MATCH (person:Person), (person:Person)-[r0:STUDIED_AT]-(college:College), (college:College)-[r]-(x) RETURN type(r) AS label, last(labels(x)) AS target, count(r) AS count ORDER BY count(r) DESC

Can someone help me understand why this query is taking so long to run although the size of the graph is pretty small and the system specs are good enough? Also, is there a way to speed up the execution considerably without modifying the query (because the query is coming from popoto.js and I do not have much control over it).

I have already tried the following:

  1. CALL apoc.warmup.run()
  2. Run the same query twice (expecting a better time at second execution)
  3. Create index on all three labels (I do not need to write to the DB, it is largely read-only).

Couple of more questions:

  1. What limits the size/number of requests to the DB? How can I accommodate more?
  2. Is caching results possible? I know that neo4j caches the db and the query plans but not sure if results can be cached. I saw a feature request in the github issues but not sure if it got addressed.

Can you post the output of the query with prepended with the keyword EXPLAIN ?
This shows the processing done for the query and gives more insight.

See https://neo4j.com/docs/cypher-manual/current/query-tuning/how-do-i-profile-a-query/ for more info

Here is the output of EXPLAIN. Please let me know if you need more details.

You probably can rewrite it to which avoids some cartesian duplication:

Unfortunately I can't edit the query. It's created internally by a js library which I am using for my application.

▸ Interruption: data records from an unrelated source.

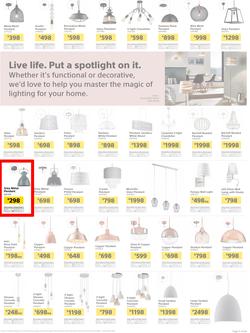 Builders Inland : Live Life Colourfully (20 Nov - 30 Dec 2018), page 11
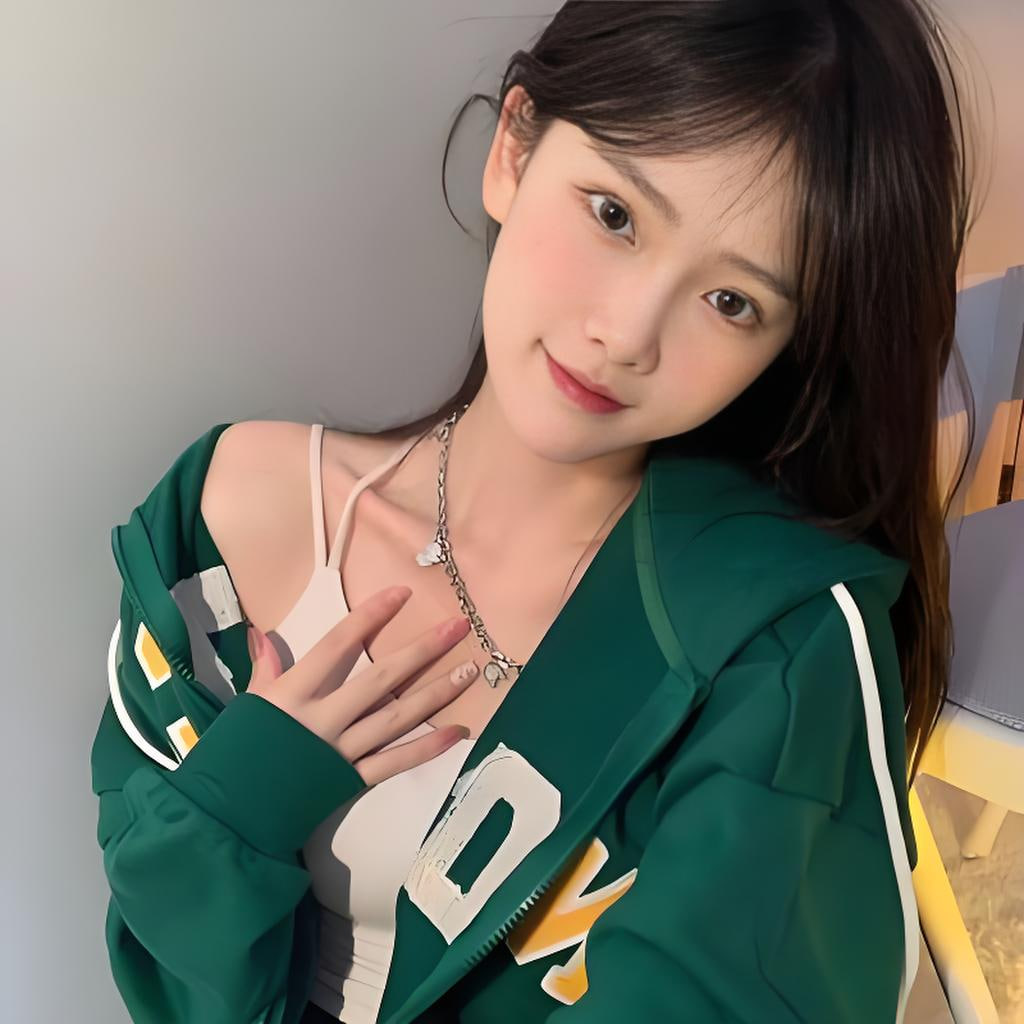 热门电影2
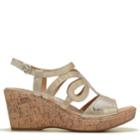 B.o.c. Women's Wynda Wedge Sandals 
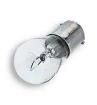 BS241 Lamps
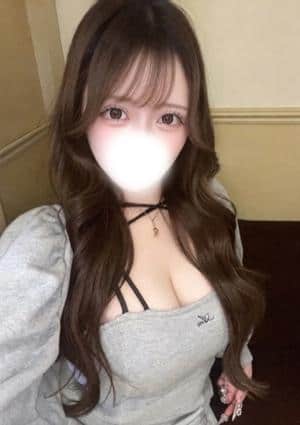 せゆ
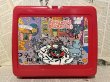 画像1: Pee-wee's Playhouse/Lunch Box(80s) (1)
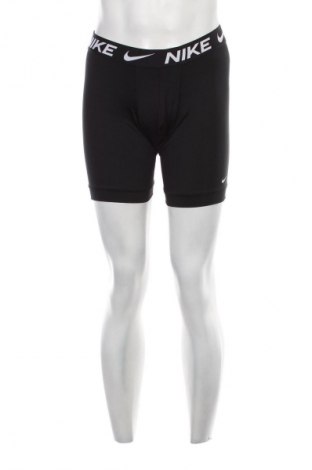 Męskie legginsy Nike, Rozmiar L, Kolor Czarny, Cena 305,99 zł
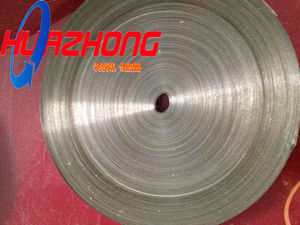 Nhà sản xuất trực tiếp BNi-2 Nickel Chrome Hàn dải - Product Image 3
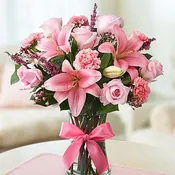 Birthday BR-A018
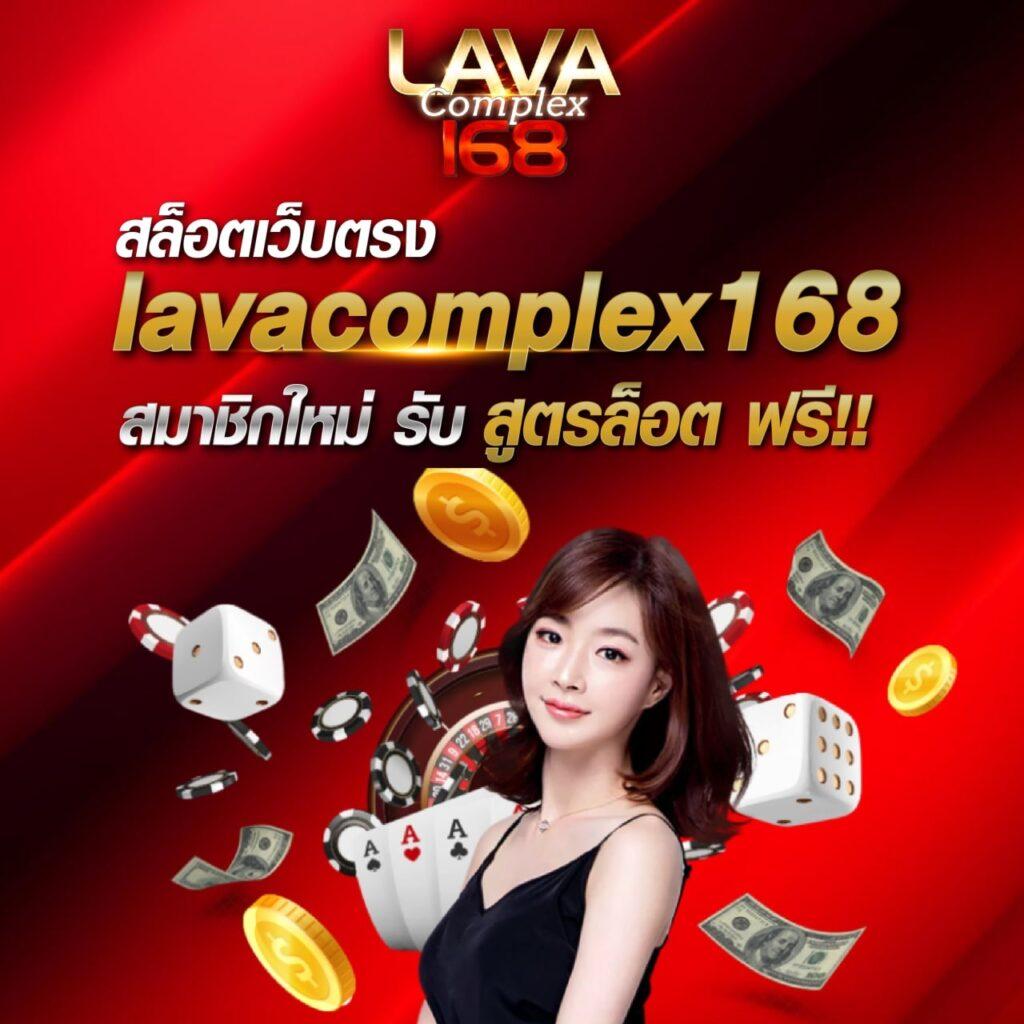 ฝาก5รับ50 wallet เว็บตรงสล็อต ฝากถอนออโต้ ไม่ผ่านเอเย่นต์ 2026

So firstly I am trying to assess if this performance (given the size of the data and the machine configuration) is warranted and if there is a way to configure neo4j for faster performance

What js library is that?

Even if you can't change the generated code it is interesting to know how it compares to the generated query.

The library is popoto.js

Sorry not familiar with it, perhaps others are :)

Thanks for trying to help. Would you be able to comment on whether this performance (given the size of the data and the machine configuration) is warranted?

6 minutes seems outrageous long, which instance type are you using?
I would love to see how much time is shaved off with the query rewrite.
Even if you can't "fix" the query its good to know if this helps.

Are you able to download the dataset and try it on a local Neo4J desktop instance?
Just to see how it compares to the EC2 instance..

you might want to post the output of PROFILE as well, just to get a bit more insight.

Here you go, thanks for looking

I'm not sure if it is zoomable. Here is the link to the image in case it is not.

As you can notice the query causes an enormous cartesian product, this is why its so slow.

What is it you are trying to build?

I would investigate in getting popoto to be smarter with the query or move away from popoto.

Thanks. I am trying to build a web interface for neo4j to make a dataset available for users to explore. I figured out a way to edit the queries created by popoto on the server side. That resolved the issue. Thanks for looking into this.

2 Likes

Great thanks for the update, appreciated!

Hi, Could you please share the way to edit queries created by popoto on server side. Also I want to know how we can write custom queries in popoto js . I am trying to do it with help of schema. But your help means a lot to me. Thanks in advance.